Ainsi, les règlements garantissent une application uniforme des règles dans toute l’Union européenne, renforçant la cohérence et l’intégration des systèmes juridiques nationaux.

Conclusion : articulation des normes européennes avec le droit interne

Le droit de l’UE, avec sa primauté sur les lois nationales, joue un rôle fondamental dans l’évolution des législations des États membres. Qu’il s’agisse de recommandations non contraignantes, de directives imposant un objectif commun, ou de règlements ayant une force normative équivalente à celle des lois nationales, les normes européennes influencent directement la législation et la jurisprudence nationales, renforçant la construction européenne et l’intégration des systèmes juridiques.

 

Le Cours complet d’Introduction au droit est divisé en plusieurs fiches (notion de droit, biens, acteurs de la vie juridique, sources du droit, preuves, responsabilité…)

Résumé :

Rapport entre droit interne et droit international
Le rapport entre droit interne et droit international varie selon les systèmes juridiques. Dans certains pays, le droit international est directement applicable en droit interne (monisme), alors que dans d’autres, il doit être incorporé dans le droit national par une loi spécifique (dualisme). En général, lorsqu’il y a conflit, le principe de primauté du droit international s’applique, mais l’interaction exacte dépend de la constitution et des normes spécifiques de chaque État.
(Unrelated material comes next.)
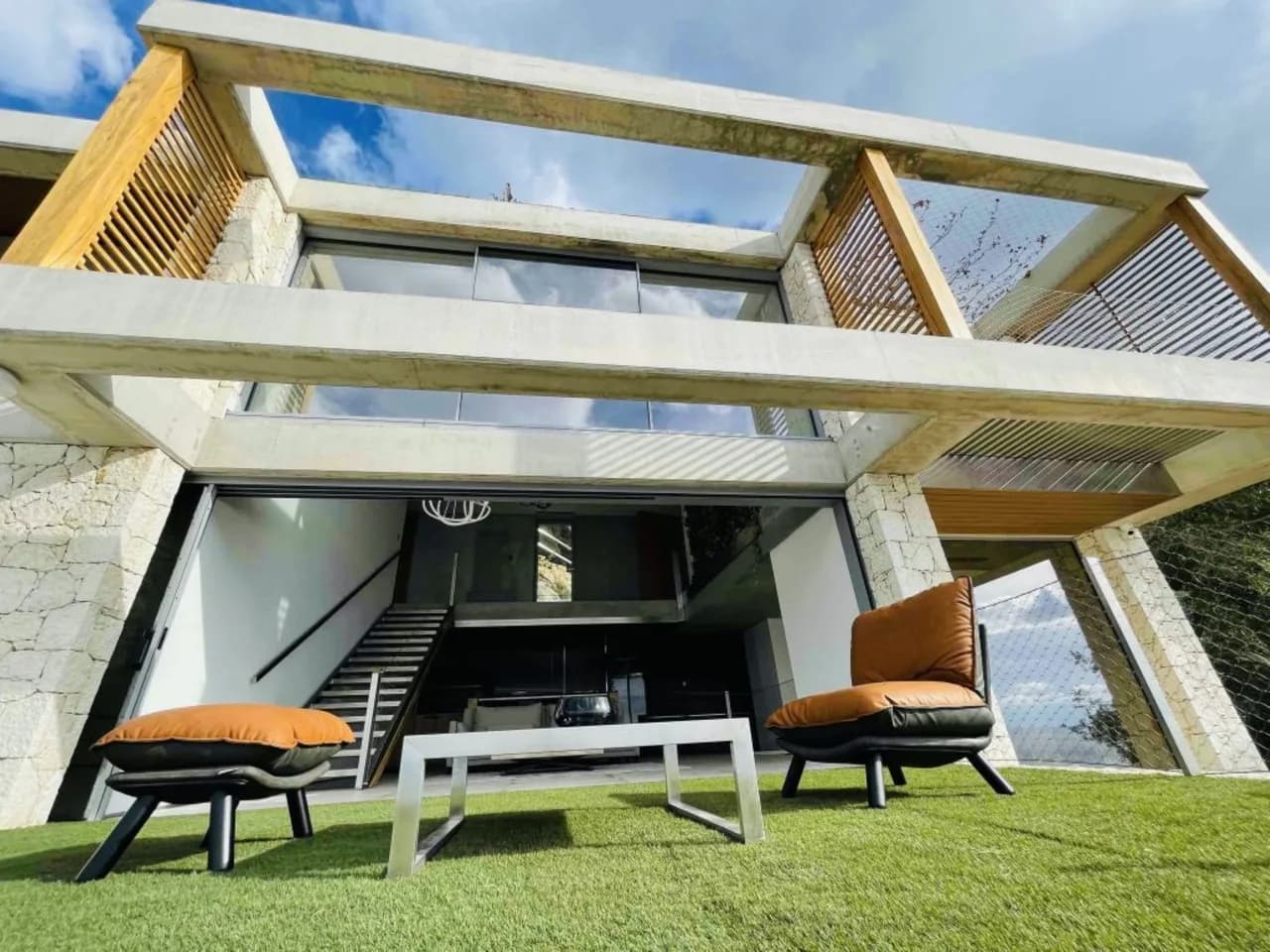 Magnificent 2 Floor House with Infinity Pool photo 2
Droit interne (définition juridique)
Le droit interne désigne l’ensemble des règles de droit applicables au sein d’un État. Il englobe le droit civil, pénal, administratif, constitutionnel, commercial, etc. Le droit interne régit les relations entre individus, ainsi que les interactions entre ces derniers et l’État. Il est distinct du droit international, qui dépasse le cadre des frontières nationales pour s’intéresser aux relations entre États.